* **Study material**

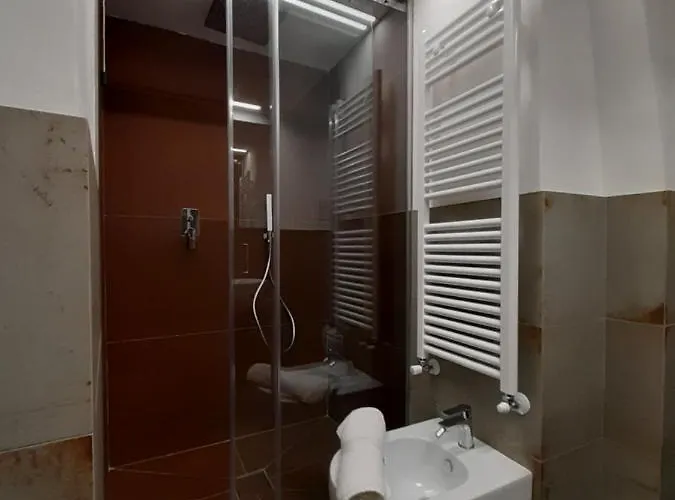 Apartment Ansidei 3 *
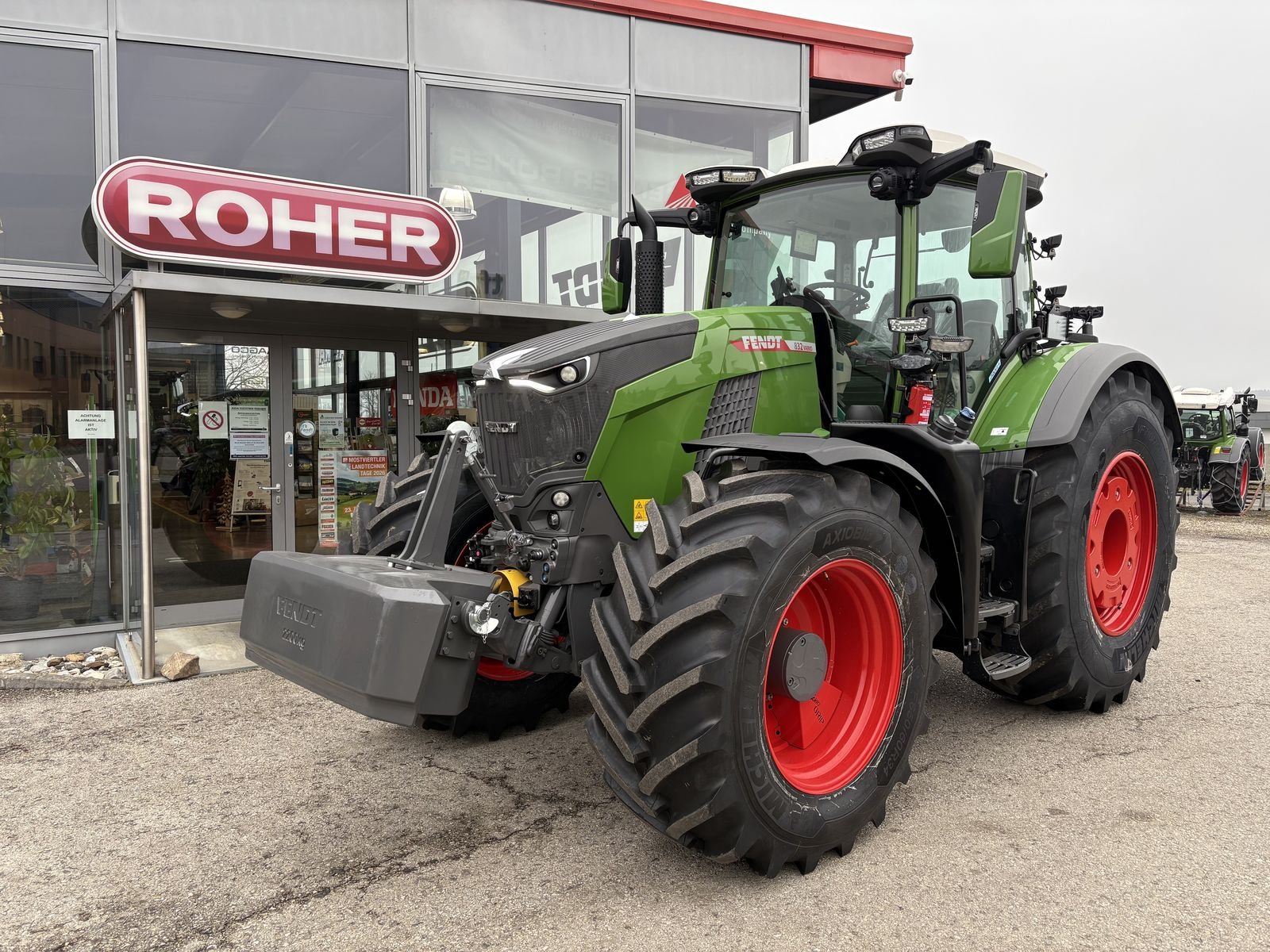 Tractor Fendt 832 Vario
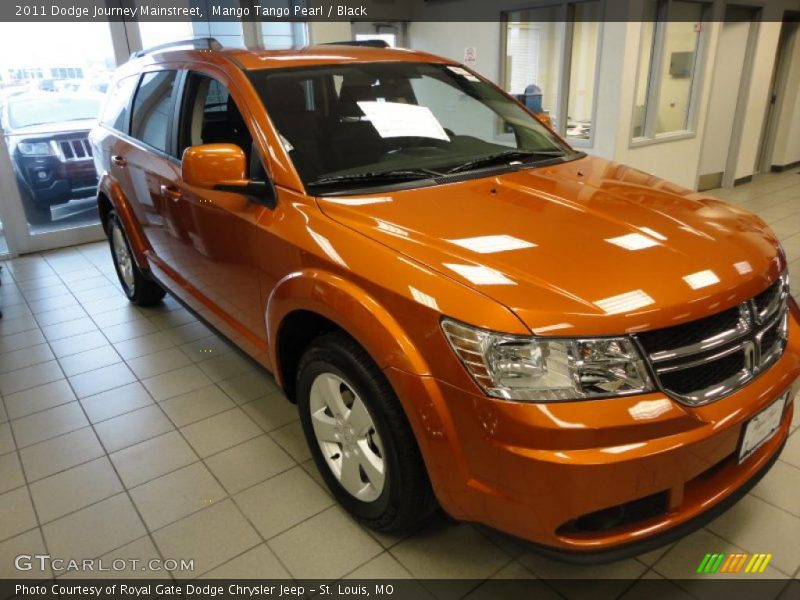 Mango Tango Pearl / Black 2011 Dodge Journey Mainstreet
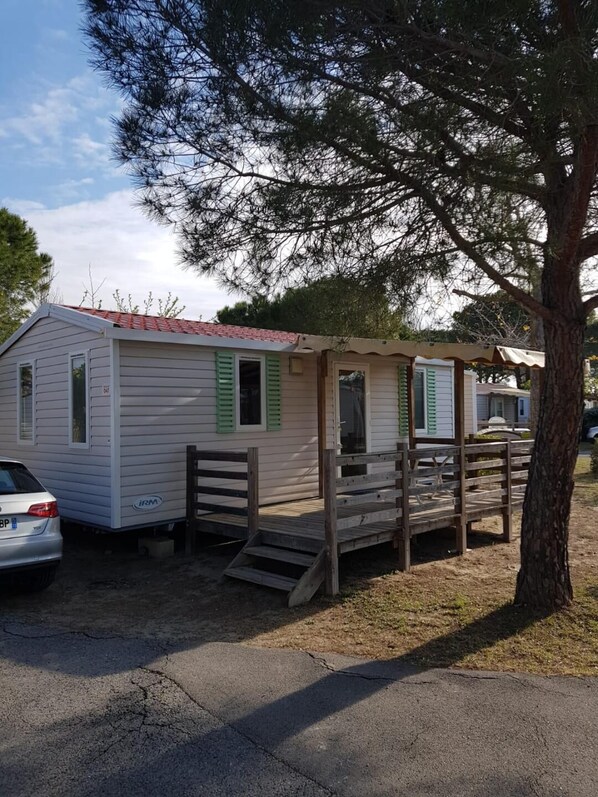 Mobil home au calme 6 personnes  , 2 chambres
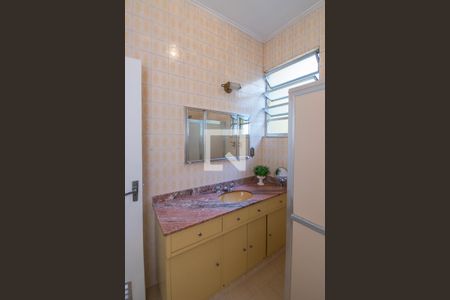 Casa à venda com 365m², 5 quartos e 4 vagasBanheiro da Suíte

==

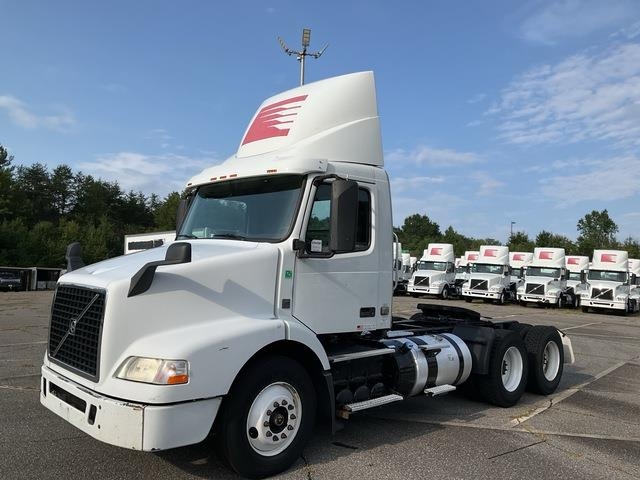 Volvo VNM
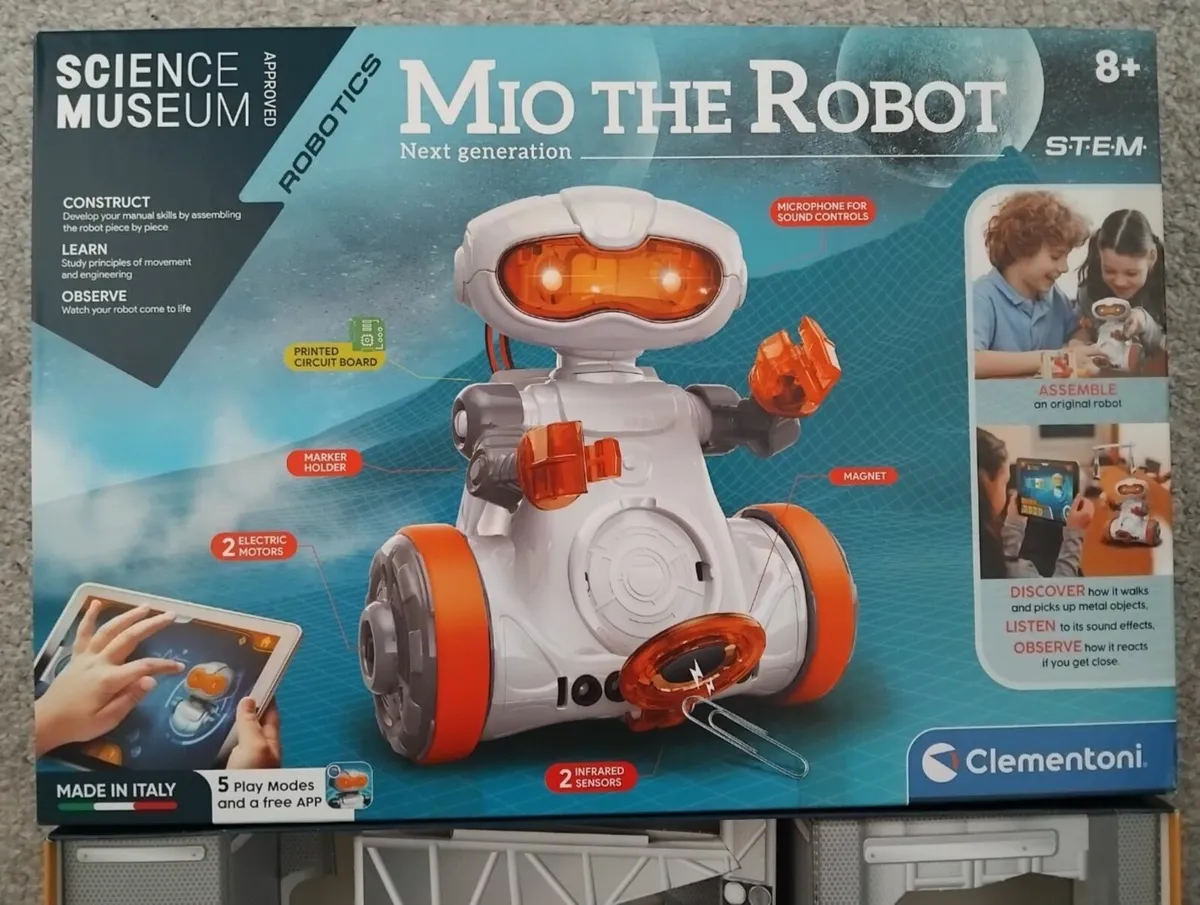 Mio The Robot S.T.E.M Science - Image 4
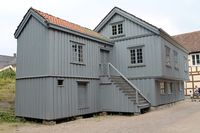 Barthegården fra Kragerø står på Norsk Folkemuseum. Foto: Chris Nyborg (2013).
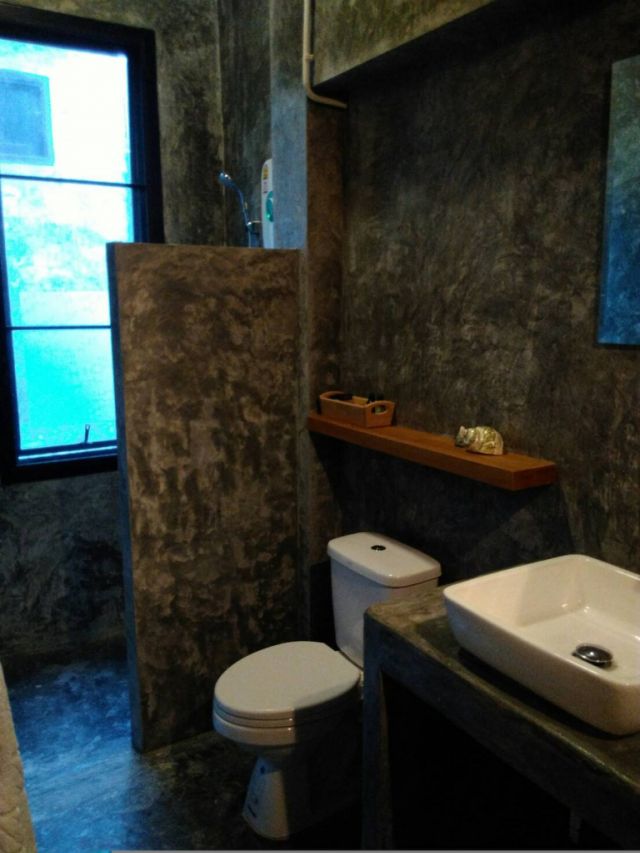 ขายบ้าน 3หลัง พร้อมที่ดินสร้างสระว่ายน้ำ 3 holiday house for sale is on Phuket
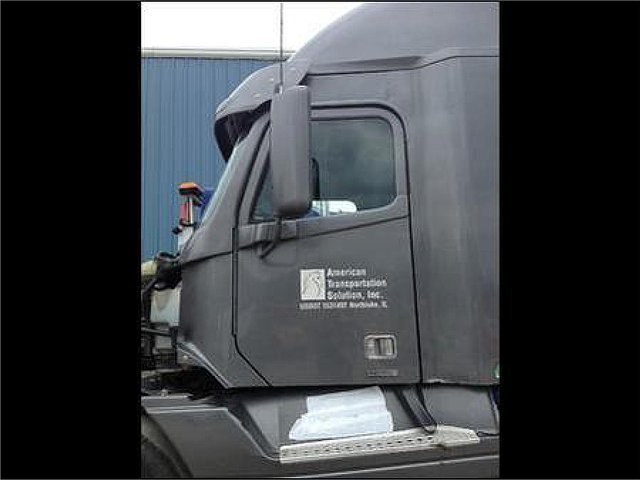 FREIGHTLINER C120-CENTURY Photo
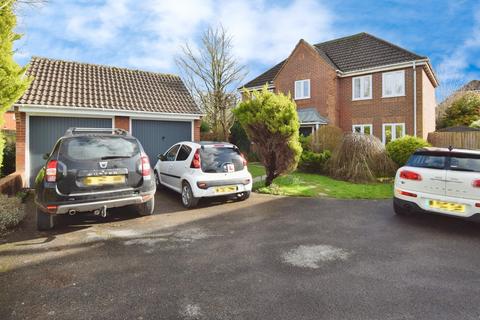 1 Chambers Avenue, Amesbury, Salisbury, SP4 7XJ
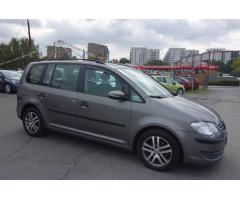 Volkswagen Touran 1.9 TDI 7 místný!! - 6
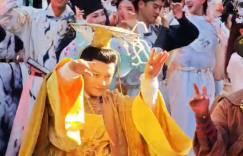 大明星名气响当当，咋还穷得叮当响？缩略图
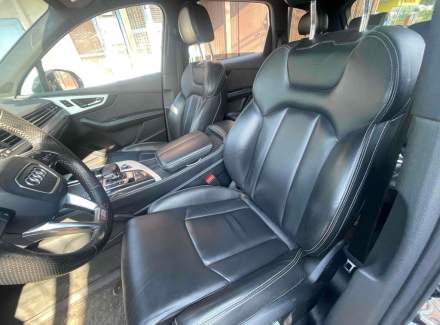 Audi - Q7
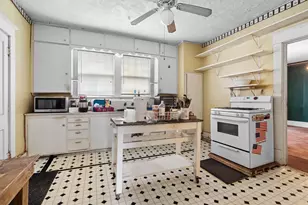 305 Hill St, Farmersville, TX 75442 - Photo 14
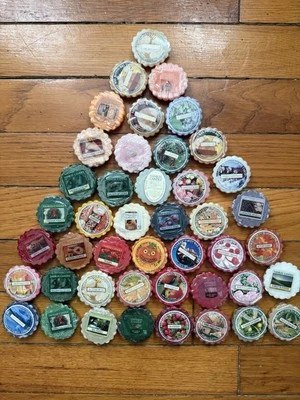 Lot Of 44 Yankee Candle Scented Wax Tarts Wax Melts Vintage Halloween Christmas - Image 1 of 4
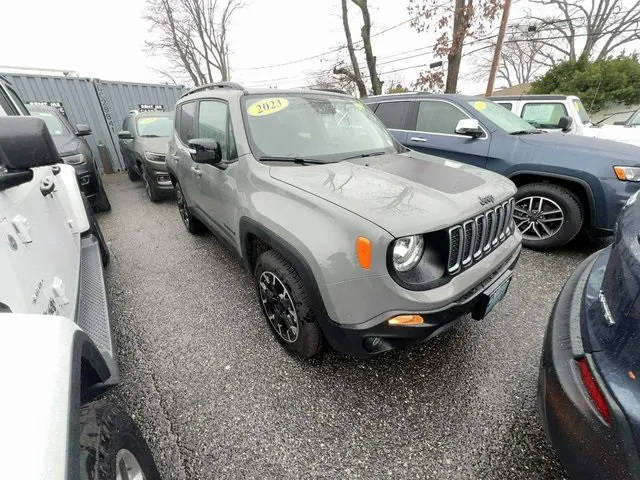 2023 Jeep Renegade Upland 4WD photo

==

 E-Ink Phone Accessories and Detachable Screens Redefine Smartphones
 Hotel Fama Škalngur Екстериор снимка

* **What you will do**
Return only the stretch above from the line containing "Apartment Ansidei 3 *" through the line containing "Casa à venda", word for word and without pictures.

* **The completed task**
 Apartment Ansidei 3 *
 Tractor Fendt 832 Vario
 Mango Tango Pearl / Black 2011 Dodge Journey Mainstreet
 Mobil home au calme 6 personnes  , 2 chambres
 Casa à venda com 365m², 5 quartos e 4 vagasBanheiro da Suíte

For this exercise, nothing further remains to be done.